Basketball is an increasingly globalized game, and college teams are taking note.
The last three players to win the NBA MVP over the past six seasons were born outside of the United States. So were each of the last two No. 1 picks in the NBA draft. In fact, the top two picks this year were from France. While the U.S. is still producing plenty of stars, the rest of the world is rapidly catching up. That has led many college programs to ramp up their international recruiting, and that shift in priorities is bringing some of the most highly touted young players in the world stateside. Among them: potential 2025 first-round draft picks Egor Demin, who left Real Madrid for BYU, and Kasparas Jakucionis, who departed Barcelona to enroll at Illinois.
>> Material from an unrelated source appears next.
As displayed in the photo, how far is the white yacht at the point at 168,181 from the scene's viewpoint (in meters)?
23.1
Players such as Demin and Jakucionis taking the college route is a marked change from just a few years ago, when a draft prospect would have almost never considered leaving an elite pro European club to spend a year or two in college. The trend coincides with the explosion of NIL money, which has made playing in college more lucrative than in some overseas leagues. NIL collectives have even funded buyouts of pro contracts.
Jon Chepkevich, the director of scouting for DraftExpress, which works with NBA, foreign and college teams, says that some top overseas player agencies are now hiring staff to manage the U.S. college recruitments of their clients. “It’s hard for 18, 19, 20-year-old kids to play at that [high] level in Europe,” Chepkevich says. “The rotation players for these teams are typically 27 to 35 years old. Despite how talented and how much potential these guys have, they’re just not ready to contribute at that level at this age, whereas college is sort of the perfect incubator for them to come over and get real on-court reps against high-level competition, and have a ton of resources at their disposal to develop.”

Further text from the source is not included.